When asked whether current employment law affected their decision to hire more staff, 39 per cent of small businesses said they would if employment law was made simpler.
Just 25 per cent of respondents claimed it was acceptable in its present state, with a lack of understanding leaving them at risk of making serious errors, which could result in financial penalties.
Three-quarters of respondents to the Citrus HR survey admitted keeping abreast of UK employment legislation was a “significant drain on their time”.
The report also found that up to 30 per cent of employers don’t know the current National Minimum Wage, which can incur fines as high as £20,000 – while 18 per cent don’t know which countries are in the EU, meaning they may not have checked whether new workers are eligible to work in the UK.

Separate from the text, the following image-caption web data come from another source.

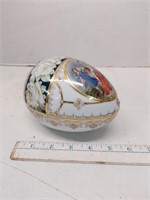 Vintage 2pc porcelain egg decorated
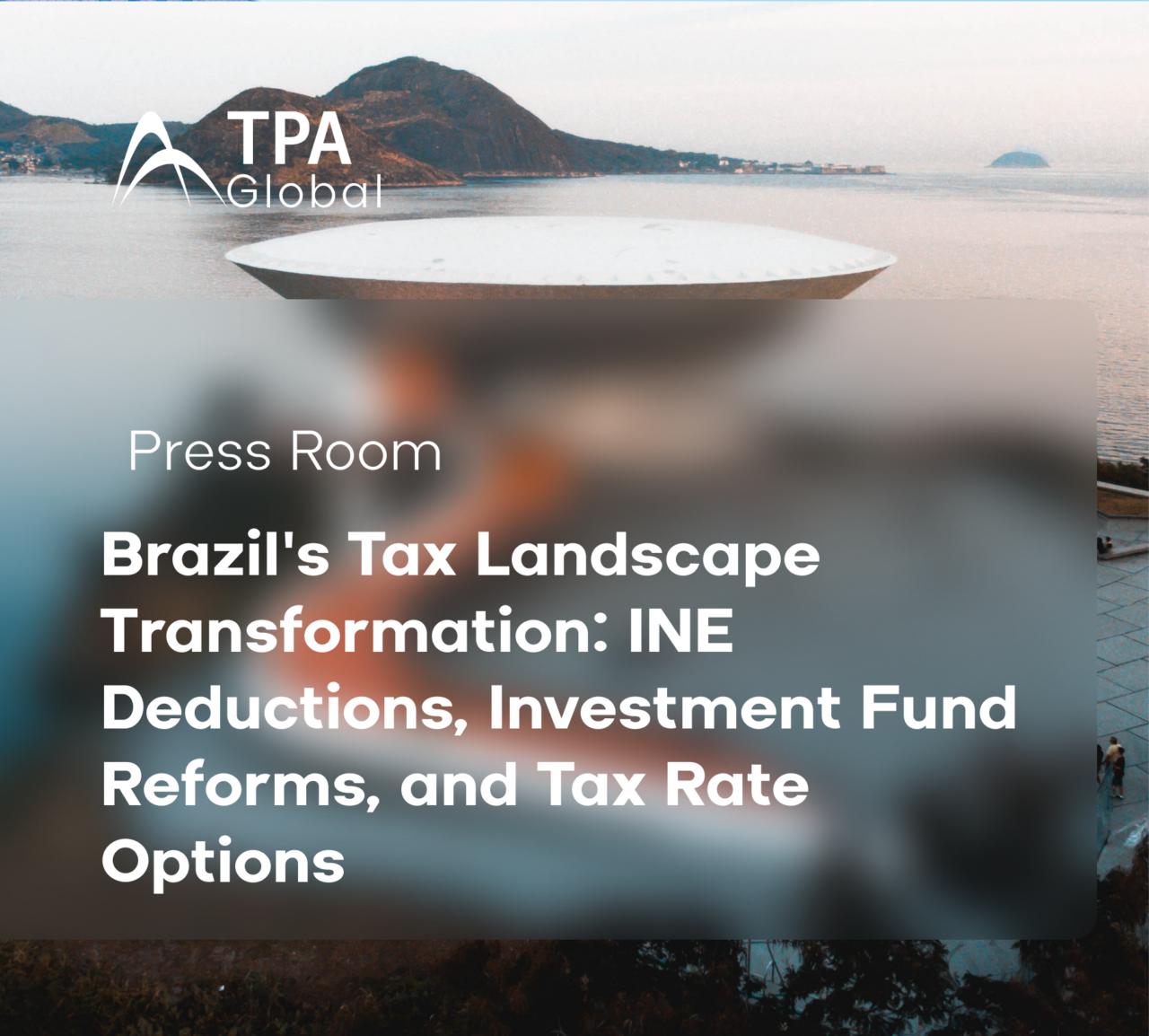 Aerial view of Brazil with "Brazil Tax Reform 2023" in bold letters.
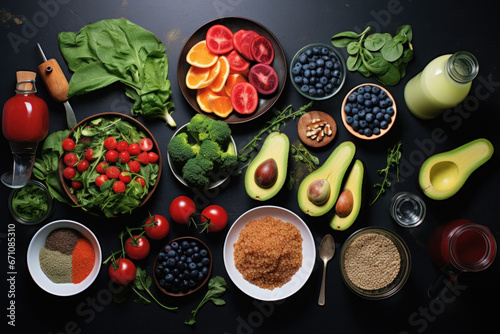 Fruits and vegetables in bowls on a table, Black Background. 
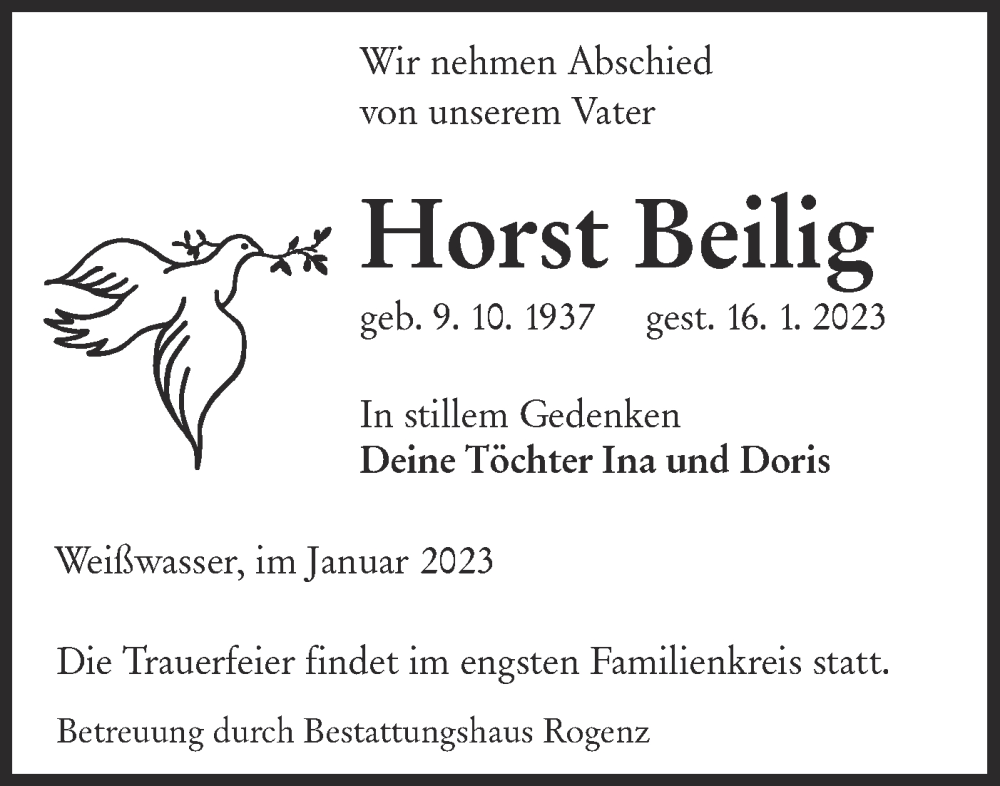  Traueranzeige für Horst Beilig vom 21.01.2023 aus Lausitzer Rundschau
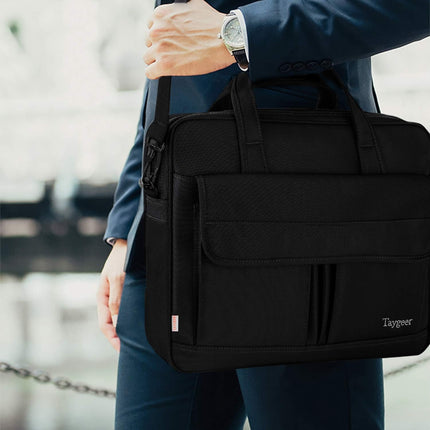 Taygeer Laptoptas 15,6 inch premium waterafstotende laptop kantoor aktetas lichtgewicht messenger tas met verstelbare schouderriem en meerdere compartimenten voor mannen vrouwen reizen business school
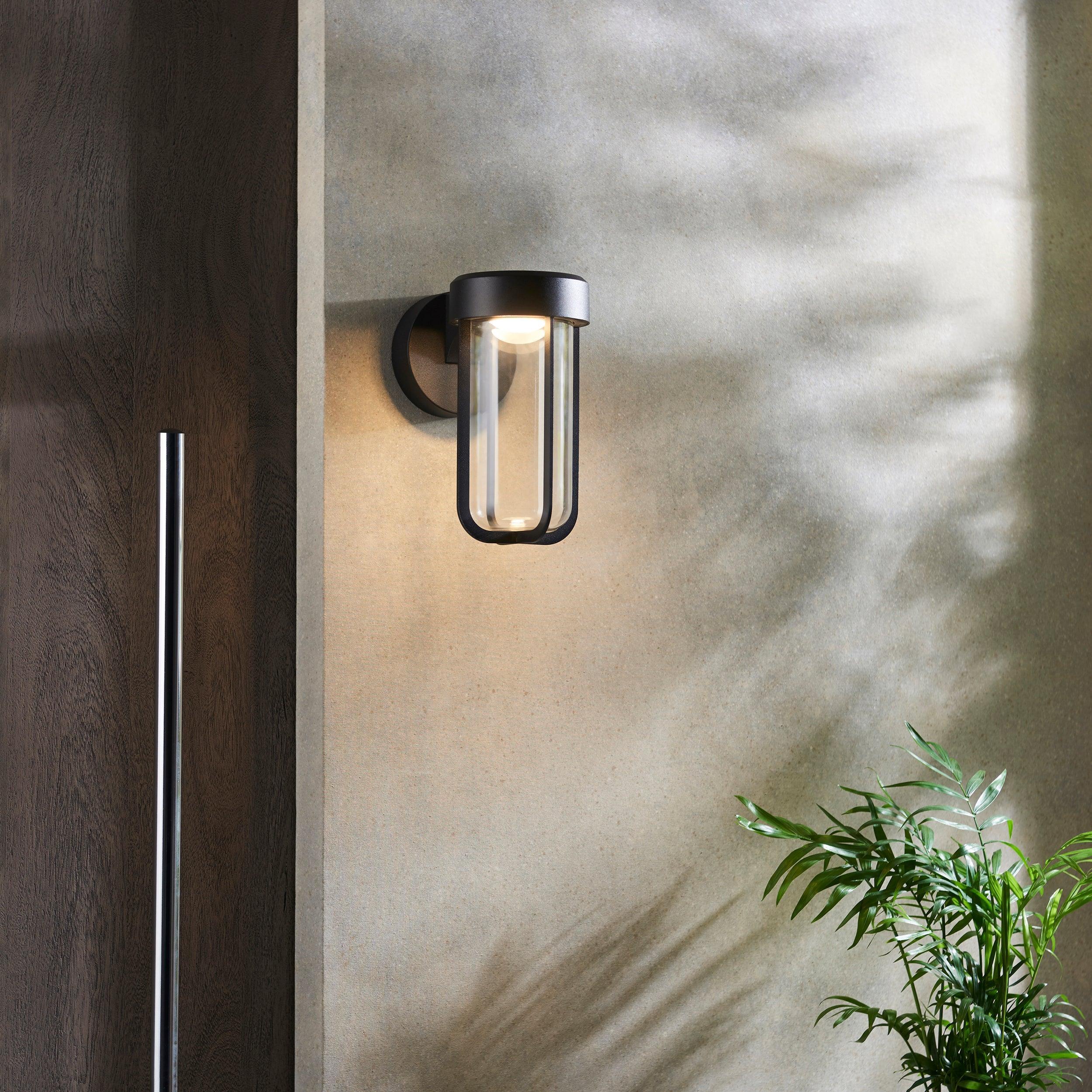 newquay large black outdoor led wall light mDining room lighting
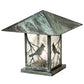 Meyda Lighting Seneca 25" Verdigris Song Bird Outdoor Pier Mount Light With Clear Raindrop Shade Glass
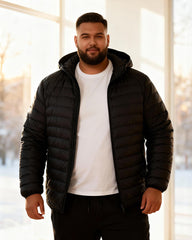 Big & Tall Men's Solid Color Hooded Collar Light Down Cotton-padded Jacket M-5XL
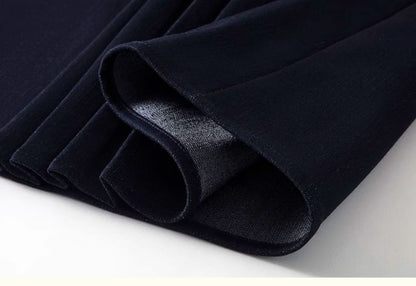Denim Blazer & Pleated Skirt Set - Double-Breasted, High Waist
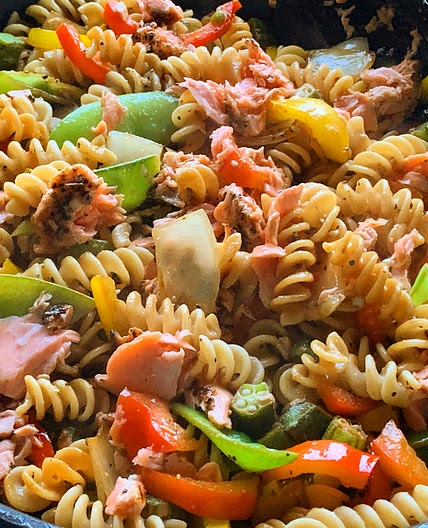 Grilled salmon and vegetables pasta (low sodium low carb)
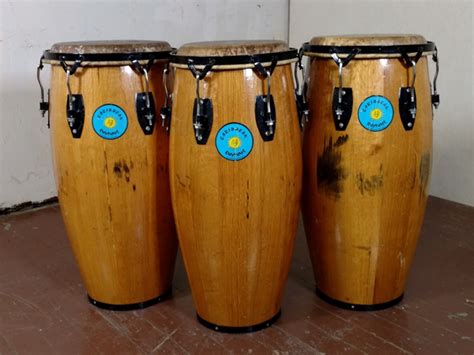 Set Of 3 Caribbean Rhythm Solid Oak Congas With Bags Supersonic Music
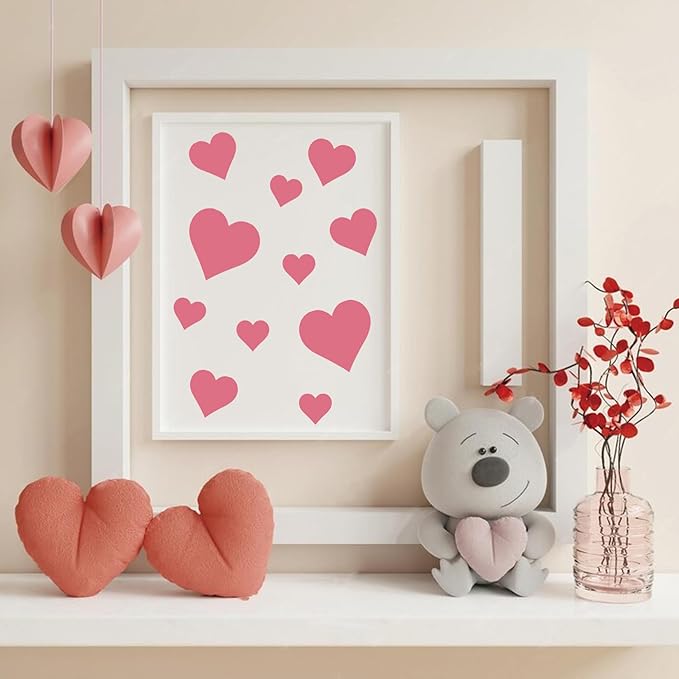 16 Pieces Heart Stencils for Crafts Reusable Mixed Media Geometric Stencils for Painting on Canvas Scrapbook Paper Fabric Pillows Card Making (16 Heart)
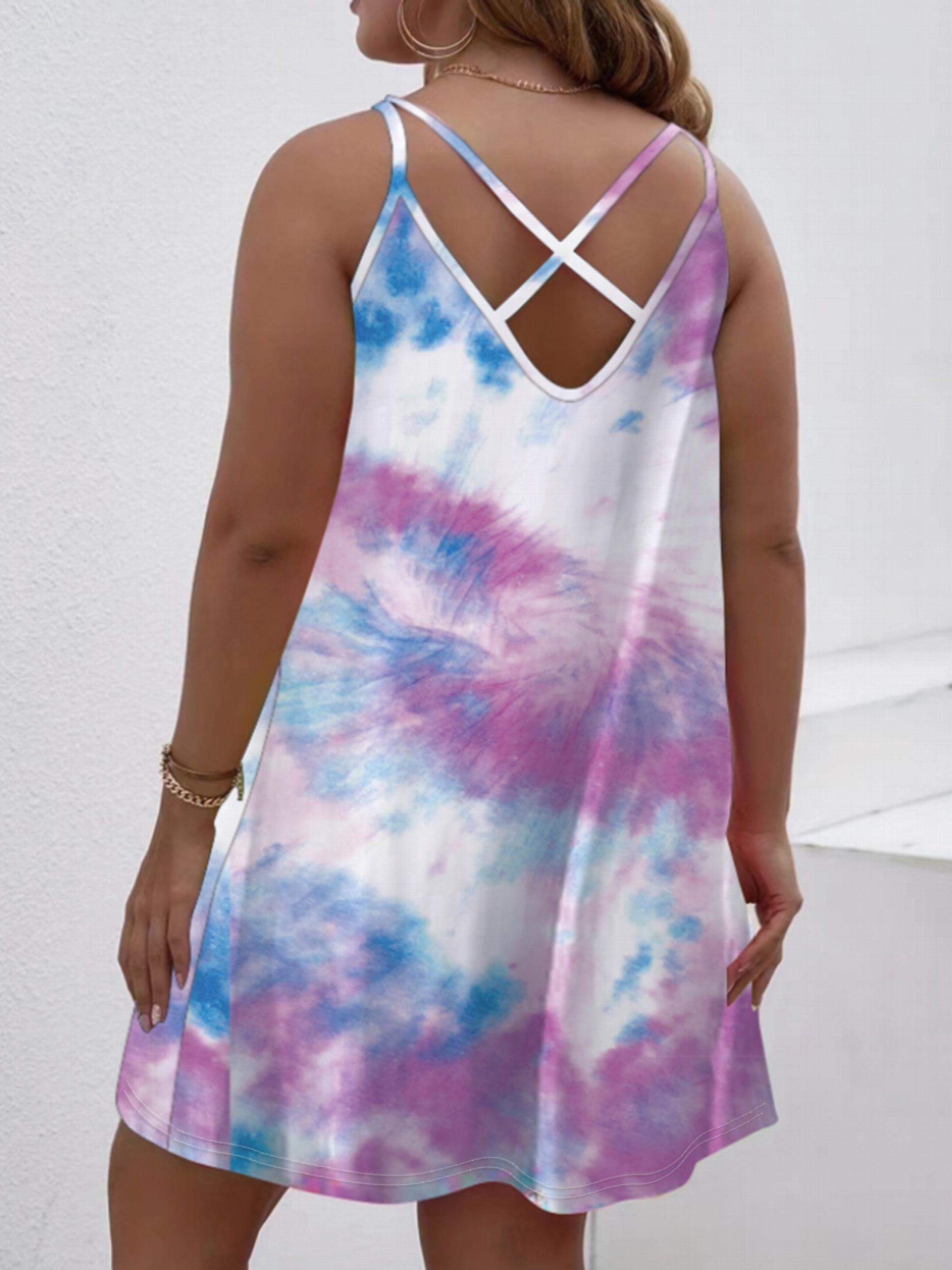  Tie Dye Criss Cross Back Mini Cami Dress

Some of the most difficult employment tasks mentioned by respondents included calculating holiday for part-time staff and those working “casual hours contracts”.
Changes to flexible working rules was another common answer when respondents were asked for examples of a recent legislative change that had made small business employment law compliance more complex.
The fact that you aren’t allowed to pay people for unused holiday unless they leave was listed as the law employers most want to change (37 per cent), followed by the removal of the compulsory retirement age (29 per cent), the ability for people who fall ill on holiday to claim it as sick leave (21 per cent) and women on maternity leave continuing to accrue paid holiday whilst not actually in work (14 per cent).
The Government has previously said it will be doing everything it can to “axe unnecessary regulation and its poor implementation” by up to £10bn during the five-year period of this parliament.
Sajid Javid, Business Secretary, said: “I’m determined to take the brakes off British businesses and set them free from heavy-handed regulators.
“The government’s pledge to cut £10bn in red tape over the course of this parliament will help create more jobs for working people, boost productivity and keep our economy growing.
“For the first time, these reviews will look not only at the rules themselves, but [how] they’re enforced. We want firms to tell us where red tape is holding them back.”